Это был странный каприз природы, который проявился в Конкорде, штат Массачусетс, 12 июля 1817 года, рождением ребенка Торо, которому было дано имя Генри Дэвид. На языке разведения он был «спортом», но с социальной точки зрения он был далек от него. У него не было разнообразного происхождения, которое Синклер Льюис дает доктору Мартину Эрроусмиту, но оно было достаточно разнообразным, чтобы удовлетворить любого. Три отчетливых хромосомных потока — французский, шотландский и саксонский — слились в нем. Его отец был сыном француза, родившегося на острове Джерси, который женился на Джейн Бернс, дочери шотландского квакера, эмигрировавшего в Массачусетс. Предки его матери, Данбары и Джонсы, были достаточно долго в этой стране, чтобы иметь право на обозначение «американец».
В Генри Торо было мало от Гермеса, но это немногое он получил от дяди по материнской линии, Чарльза Данбара, и от него же он получил свою неконвенциональность, свою тягу к странствиям, самообладание, равновесие и решимость. Дядя Чарльз питал пренебрежение к заботе о завтрашнем дне, которое граничило с презрением, и племянник Генри унаследовал его. Откуда он взял свою самодостаточность, свое безразличие к человеку и его комфорту, свою любовную дизестезию, мы до сих пор не осведомлены.
Ни один биограф никогда не находил много материала для своего пера в годы формирования Торо. М. Базальетт был не более успешен, чем его предшественники. Самое характерное побуждение Торо: любовь к природе, и самая заметная черта его личности: самодостаточность, проявились рано в жизни и сопровождали его до дня смерти, и это все, что можно сказать. Ни в школе, ни в колледже его поведение не предполагало учености или антиномизма, но по окончании Гарварда его выпускная речь, в которой он развернул свою карту жизни, предполагала и то, и другое. Его слушатели восприняли, но не поняли, что у будущего странствующего землемера были другие занятия, кроме экзаменов в Гарварде. Для него «этот любопытный мир, в котором мы обитаем, более чудесен, чем удобен; более прекрасен, чем полезен; им скорее следует восхищаться и наслаждаться, чем использовать. Порядок вещей должен быть несколько изменен: седьмой день должен быть днем труда человека, когда он зарабатывает на жизнь в поте лица своего, а остальные шесть — его субботой чувств и души». Отличительная черта параноика в том, что он рассуждает логично, часто остро, но его предпосылки всегда неверны. Можно было бы поспорить, что мир — самое подходящее место, которое мы знаем, что его полезность подтверждается ртами, которые он кормит, что те, кого он поддерживает, не ушли бы очень далеко, если бы заменили восхищение им его использованием.

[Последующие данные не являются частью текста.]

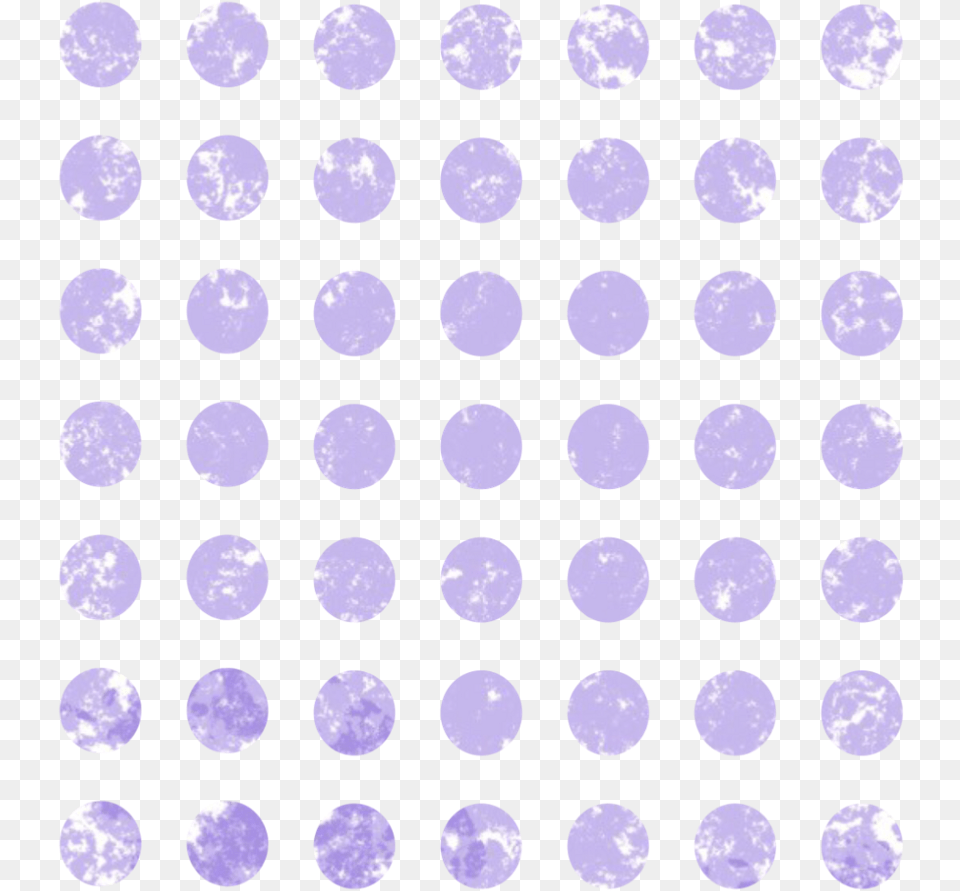 Watercolor Dots Dots, Pattern, Polka Dot Png Image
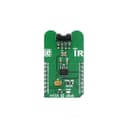 MikroElektronika MIKROE-2871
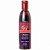 Creme Balsamico Italiano Frutas De Bosque Paganini 250ml - Imagem 1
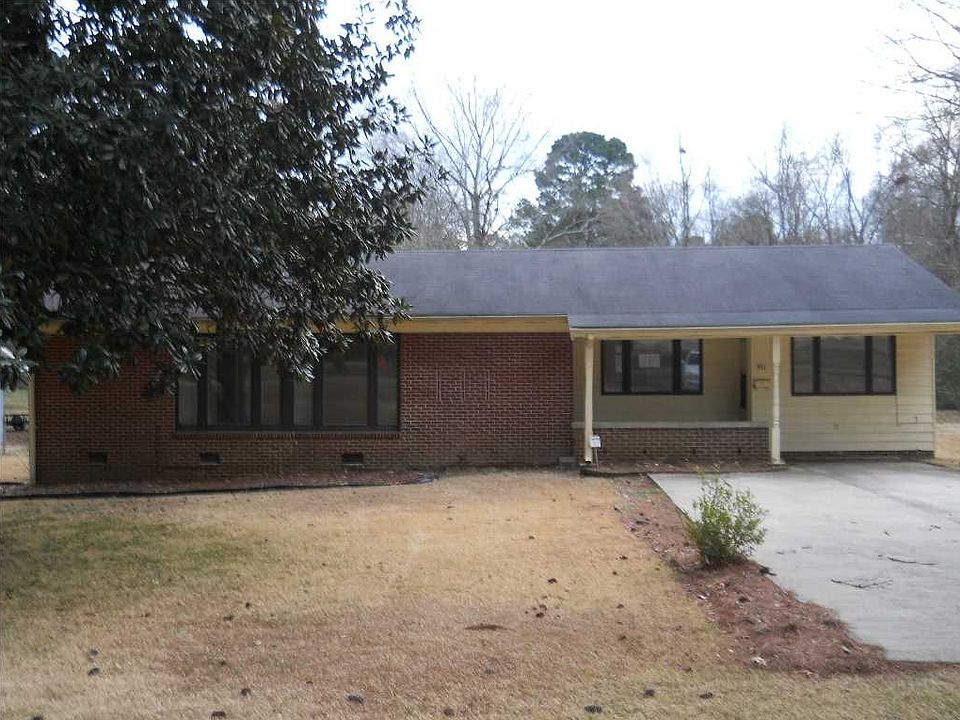 1st image of 371 Dellwood Dr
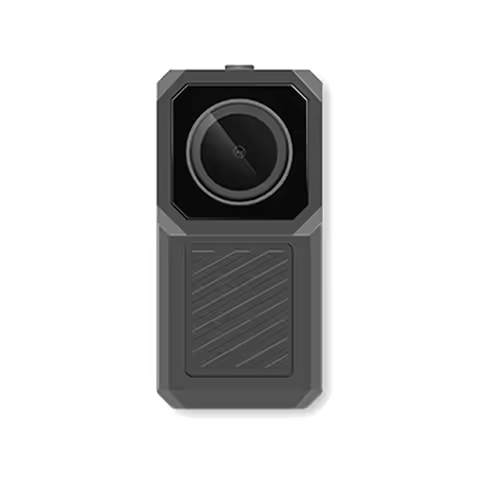 M01K Dual 2K Action Camera FHD Video IP67 Waterproof Wifi Thumb Camera Sport Action Camera Helmet Mo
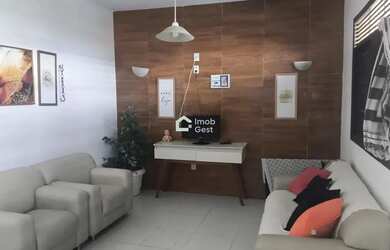 Imagem 5: Oportunidade Casa de Alto Padrão em Búzios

Радикализм, который медленно прорастал в колледже, быстро расцвел дома. Он беспокоил его семью и раздражал горожан, но вода на спине утки была бунтом по сравнению с ощущениями, которые их беспокойство и раздражение вызывали в нем. Если бы он имел привычку призывать сверхъестественную помощь, он, вероятно, сказал бы: «Боже, помоги мне, я не могу иначе». Курс колледжа почти столетие назад должен был подготовить к профессии, но Генри Торо не проявил никаких признаков того, что он подготовил его. Он начал преподавать в государственной школе, но его идеи и поведение были оскорбительны для родителей и налогоплательщиков, поэтому он открыл свою собственную школу и начал проявлять пристальное внимание к своему единственному доверенному лицу — своему дневнику; и он построил лодку. В ней он и его брат Джон отправились из Конкорда, штат Массачусетс, в Конкорд, Нью-Гэмпшир. Описание этой поездки — единственная утомительная часть книги М. Базальетта. Это тем более удивительно для того, кто читал «Неделю» в своем детстве, был очарован ею и читал части ее много раз с тех пор.